Tuesday, December 26, 2017

Chairman’s USO Holiday Tour Entertains Troops in Afghanistan, Iraq



By Jim Garamone DoD News, Defense Media Activity

Q-WEST, Iraq, Dec. 26, 2017 — “We could not bring you home for Christmas, so we decided to bring a little bit of home to you,” Marine Corps Gen. Joe Dunford said yesterday on Christmas to service members here at this base near Mosul.

That’s the heart of the chairman of the Joint Chiefs of Staff’s annual USO Holiday Tour playing in Iraq after putting on shows in Afghanistan, aboard the aircraft carrier USS Theodore Roosevelt, at al-Dhafra Air Base in the United Arab Emirates and at Moron Air Base, Spain.

The American people -- through the USO -- sponsored a holiday tour that started Dec. 20 and runs through today.

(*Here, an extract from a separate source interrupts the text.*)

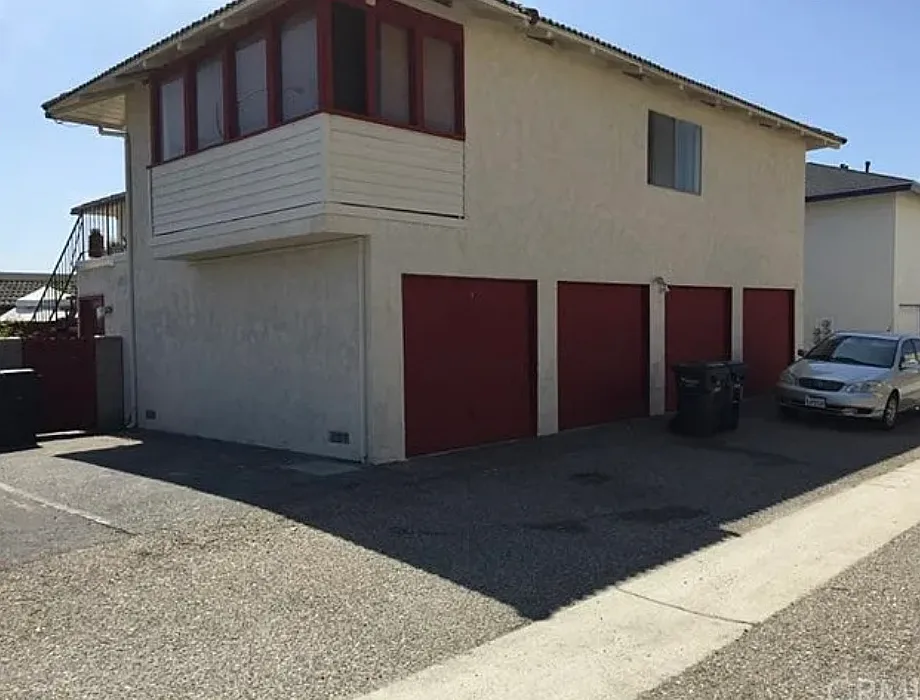 2 bed, 924 sqft, $2,775 — Photo 3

The idea was to reach out to as many service members as possible during the tour, to include many remote areas as well.

These are not easy tours to put on and even as iconic an organization as the USO can have a hard time getting entertainers who can travel during the holidays. For many stars, the holiday season is the only time during the year when they have a break.

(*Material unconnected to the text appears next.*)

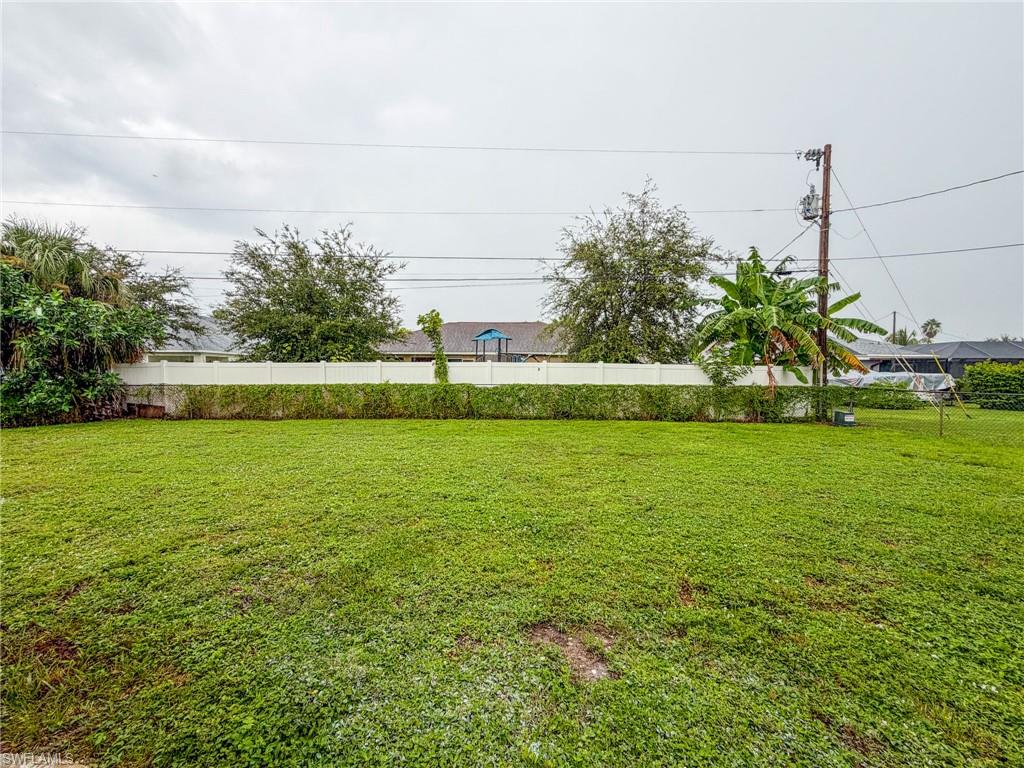 CAPE CORAL - Residential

Entertainers Visit With Deployed U.S. Troops

But the organization managed to put together a group of entertainers with the time, desire and drive to make the trip. All of them had made USO tours in the past, and all made the sacrifice of missing their own holidays with family to put on 11 shows on two continents for the troops.

The modes of transportation ran the gamut from C-17 and C-130 aircraft, to UH-60 Black Hawk and CH-47 Chinook helicopters, to a landing and takeoff on a C-2 Greyhound aircraft from the USS Theodore Roosevelt. On the ground they rode in dusty buses in Iraq and Afghanistan, to just walking to the venue from the flightline.

The impact of the tour is best explained in a series of vignettes.

At Camp Taji, Iraq, a Texas National Guardsman serving with the 1st Armored Division stood in the crowd and sang along with Country star Jerrod Niemann.

One group of soldiers at Operating Base Lightning in Afghanistan was so excited to meet actor/comedian Adam Devine that they could hardly put two words together to ask for a photo with him. Then, when they got the photo, they jokingly criticized the way he did a push-up on stage.

A young airman at Bagram Airfield, Afghanistan, was overcome by laughter at a line from comedian Iliza Shlesinger.

WWE wrestling is big in the Navy. The sailors on the hangar deck of the Roosevelt chanted “USA, USA, USA” when professional wrestlers the Miz and Alicia Fox took the stage.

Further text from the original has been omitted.